MONCHI IN ZONA MISTA

È difficile spiegare, credo che ci siano molte cose che non vanno bene. Bisogna analizzare il problema e trovare soluzione. Assumiamoci le responsabilità e ora, con la sosta, dobbiamo pensare tranquillamente nel trovare delle soluzioni. Magari bisogna parlare di meno e fare di più”.

Il mercato?
“Per arrivare nel mercato bisogna avere i soldi, voi sapete la nostra situazione. La soluzione va cercata a Trigoria”.

Cosa è cambiato a livello sportivo?
“È difficile da spiegare, alcune volte i problemi sportivi derivano da problemi mentali. Magari non abbiamo amministrato bene alcuni risultati positivi: dopo il primo posto in Champions e la vittoria del derby siamo calati”.

Come è possibile questo crollo?
“Negli ultimi 16 anni sono cambiati molti effettivi in società. Il problema non sono solo le persone ma anche le mentalità”.

Se Di Francesco rischia?
“Abbiamo altri problemi, l’allenatore è forte”.

Se l’esclusione di Nainggolan può essere un passo per cambiare questa mentalità?
“È stata una decisione presa perché lui non ha fatto una cosa buona. La società ha pensato al meglio per il presente e per il futuro”.

Se ci saranno cessioni entro il 30 giugno?
“Forse sarà così. Il primo problema è sportivo ma abbiamo anche altri problemi, dovremo trovare soluzioni”.
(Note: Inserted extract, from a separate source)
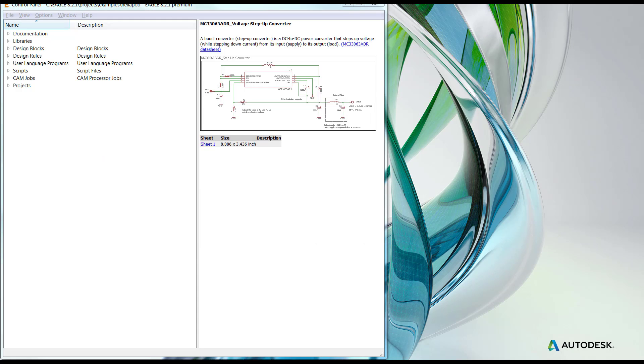Hi, this is Ed with another tip for Autodesk Eagle. Today we're going to be covering how to build libraries based on components that already exist in the current Eagle libraries.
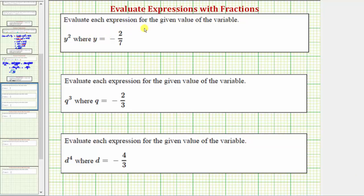We're asked to evaluate each expression for the given value of the variable. In this first example, we have y squared. We want to evaluate y squared when y equals negative two-sevenths. To do this, we substitute negative two-sevenths for y and then evaluate.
Che idea mi sono fatto sui problemi della Roma?
“Stiamo lavorando tutti i giorni per provare a cambiare la storia, non è facile”.

MONCHI A ROMA TV

La sua analisi sul momento? 
“Analisi difficile e negativa, non troviamo la strada che ci serve. Siamo in una situazione difficile e le sensazioni sono brutte”.

Dove ha individuato un problema? 
“Non credo che ci sia solo un problema, ma ne abbiamo di più. Ci sono problemi sportivi, mentali e di atteggiamento, non siamo arrivati qua solo per una cosa. Ora dobbiamo lavorare insieme per trovare soluzioni”.

Quindi si tratta di diverse componenti? 
“Sì, come ho detto prima, non si tratta solo di una cosa ma di più problemi. Dobbiamo scovarli e lavorare per trovare soluzioni, oggi la situazione è brutta. Le sensazioni sono negative e siamo professionisti, quindi serve lavorare con la testa alta cercando soluzioni”.

I problemi sono gravi? 
“Sì, dobbiamo essere una squadra grande. Due sconfitte per una grande definiscono una crisi, dobbiamo affrontare tutto con mentalità pensando che stiamo facendo male, io per primo”.

C’è un senso di smarrimento… 
“Credo che non dobbiamo parlare fuori da Trigoria dei nostri problemi, ma si deve lavorare insieme dentro Trigoria. Penso sia giusto così, dire pubblicamente quali sono le problematiche penso non porti a niente”.

MONCHI A SKY

Se a inizio dicembre le avessero detto di questo periodo? 
“Avevo detto che dopo aver vinto il derby e il primo posto nel girone dovevamo dimostrare che la Roma era in crescita. Dovevamo vincere e non l’abbiamo fatto, siamo in un momento difficile. Dobbiamo lavorare insieme, con la testa alta e cercando soluzioni, perché il problema è arrivato”.

Cercare soluzioni individuali è sbagliato? 
“Questo succede quando non si arriva a fare cose positive, ognuno vuole fare da solo. Questo non male perché significa che c’è cuore ma dobbiamo lavorare insieme perché è uno sport collettivo”.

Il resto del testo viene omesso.